Dilansir dari akun Instagram @pendakibali pada Sabtu, 4 Oktober 2025. Plakat-plakat tersebut umumnya ditinggalkan begitu saja setelah pendakian selesai, menumpuk di sekitar area puncak dan menimbulkan kekhawatiran akan dampak lingkungan.
Padahal, dalam etika dasar pecinta alam, ada prinsip penting yang seharusnya dijunjung tinggi: “Tidak mengambil apa pun kecuali foto, tidak meninggalkan apa pun kecuali jejak kaki, dan tidak membunuh apa pun kecuali waktu.” Sayangnya, kebiasaan meninggalkan plakat justru berseberangan dengan semangat pelestarian alam tersebut.

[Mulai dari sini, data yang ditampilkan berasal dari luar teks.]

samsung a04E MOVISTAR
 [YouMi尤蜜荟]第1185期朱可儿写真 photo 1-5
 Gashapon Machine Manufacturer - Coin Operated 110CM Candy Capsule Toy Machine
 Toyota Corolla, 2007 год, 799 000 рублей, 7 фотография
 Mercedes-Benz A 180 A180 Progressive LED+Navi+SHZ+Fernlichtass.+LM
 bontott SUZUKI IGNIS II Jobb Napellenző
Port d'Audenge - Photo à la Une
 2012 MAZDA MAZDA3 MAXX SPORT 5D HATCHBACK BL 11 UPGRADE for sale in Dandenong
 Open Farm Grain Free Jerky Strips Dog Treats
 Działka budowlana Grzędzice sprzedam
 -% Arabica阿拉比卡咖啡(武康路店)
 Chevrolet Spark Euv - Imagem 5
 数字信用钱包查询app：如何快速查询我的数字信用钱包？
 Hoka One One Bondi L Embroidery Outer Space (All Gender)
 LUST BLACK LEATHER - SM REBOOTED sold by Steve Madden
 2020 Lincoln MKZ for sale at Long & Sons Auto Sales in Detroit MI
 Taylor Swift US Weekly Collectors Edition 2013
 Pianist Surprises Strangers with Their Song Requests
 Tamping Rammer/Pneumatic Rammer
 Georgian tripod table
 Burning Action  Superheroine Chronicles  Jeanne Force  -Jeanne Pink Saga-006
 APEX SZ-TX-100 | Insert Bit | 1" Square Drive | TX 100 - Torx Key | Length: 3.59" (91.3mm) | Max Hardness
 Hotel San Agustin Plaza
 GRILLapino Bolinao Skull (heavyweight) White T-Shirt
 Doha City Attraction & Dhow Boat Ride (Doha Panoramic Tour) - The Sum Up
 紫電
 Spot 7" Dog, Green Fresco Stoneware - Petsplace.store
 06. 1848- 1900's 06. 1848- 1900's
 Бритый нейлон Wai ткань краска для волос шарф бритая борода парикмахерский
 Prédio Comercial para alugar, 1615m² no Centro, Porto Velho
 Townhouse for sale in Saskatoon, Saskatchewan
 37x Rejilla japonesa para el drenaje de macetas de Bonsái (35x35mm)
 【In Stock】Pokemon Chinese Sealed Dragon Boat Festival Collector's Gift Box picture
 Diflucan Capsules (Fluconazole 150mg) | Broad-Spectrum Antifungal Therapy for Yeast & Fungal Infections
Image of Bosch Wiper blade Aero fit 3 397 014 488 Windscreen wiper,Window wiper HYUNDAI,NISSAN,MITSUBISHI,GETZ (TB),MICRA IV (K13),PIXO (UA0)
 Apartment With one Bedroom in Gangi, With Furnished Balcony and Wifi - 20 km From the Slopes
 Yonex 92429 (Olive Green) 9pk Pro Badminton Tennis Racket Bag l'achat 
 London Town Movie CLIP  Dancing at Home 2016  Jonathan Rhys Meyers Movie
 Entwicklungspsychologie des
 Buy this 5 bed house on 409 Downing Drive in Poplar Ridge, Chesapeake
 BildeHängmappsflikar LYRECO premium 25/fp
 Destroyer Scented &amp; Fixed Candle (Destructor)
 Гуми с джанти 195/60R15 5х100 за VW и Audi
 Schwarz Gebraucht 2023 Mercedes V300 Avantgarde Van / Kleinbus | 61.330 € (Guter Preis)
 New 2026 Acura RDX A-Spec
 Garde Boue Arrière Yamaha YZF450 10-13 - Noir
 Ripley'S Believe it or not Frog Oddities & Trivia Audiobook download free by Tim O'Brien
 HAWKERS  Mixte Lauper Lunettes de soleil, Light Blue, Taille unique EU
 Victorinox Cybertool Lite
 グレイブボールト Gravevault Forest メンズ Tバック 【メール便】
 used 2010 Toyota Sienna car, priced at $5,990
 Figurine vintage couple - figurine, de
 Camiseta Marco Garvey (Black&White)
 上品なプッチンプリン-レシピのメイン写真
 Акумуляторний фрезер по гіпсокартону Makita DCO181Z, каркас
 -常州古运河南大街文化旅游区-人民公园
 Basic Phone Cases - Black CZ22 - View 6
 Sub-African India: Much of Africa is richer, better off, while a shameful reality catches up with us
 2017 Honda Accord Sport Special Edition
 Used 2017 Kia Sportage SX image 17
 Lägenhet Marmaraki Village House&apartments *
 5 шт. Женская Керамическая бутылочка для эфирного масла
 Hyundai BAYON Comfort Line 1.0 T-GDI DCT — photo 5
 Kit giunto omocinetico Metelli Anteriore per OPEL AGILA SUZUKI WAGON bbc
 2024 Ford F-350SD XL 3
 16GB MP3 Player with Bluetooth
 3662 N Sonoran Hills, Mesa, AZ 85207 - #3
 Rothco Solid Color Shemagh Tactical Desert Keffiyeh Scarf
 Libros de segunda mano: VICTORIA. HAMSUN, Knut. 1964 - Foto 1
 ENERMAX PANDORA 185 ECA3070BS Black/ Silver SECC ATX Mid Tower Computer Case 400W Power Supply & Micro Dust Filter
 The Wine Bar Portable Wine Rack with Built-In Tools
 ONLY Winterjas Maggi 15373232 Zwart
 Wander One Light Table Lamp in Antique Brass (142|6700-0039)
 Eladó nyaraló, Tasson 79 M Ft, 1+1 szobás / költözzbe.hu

Pada awalnya, plakat digunakan sebagai alat dokumentasi atau simbol pencapaian ketika pendaki tiba di puncak gunung. Namun seiring waktu, tren ini berubah menjadi ajang eksistensi komunitas, di mana setiap kelompok ingin meninggalkan jejak fisik berupa papan identitas.
Beberapa gunung di Bali seperti Gunung Batur, Gunung Abang, dan Gunung Agung kini mulai menunjukkan dampak dari kebiasaan tersebut. Di beberapa titik, plakat-plakat logam dan kayu berjejer di area puncak, menutupi panorama alami yang seharusnya menjadi daya tarik utama gunung.
Komunitas pecinta alam di Bali kini mulai bersuara dan menyerukan gerakan “Bawa Turun Kembali” atau Take Your Sign Home. Gerakan ini mengajak para pendaki untuk tetap membawa pulang plakat yang digunakan sebagai properti foto setelah pendakian selesai.
Menurut Ketua Forum Pecinta Alam Bali (Forpal Bali), Ni Luh Ayu Pradnyani, tindakan sederhana seperti membawa kembali plakat bisa membantu menjaga kebersihan dan estetika puncak gunung.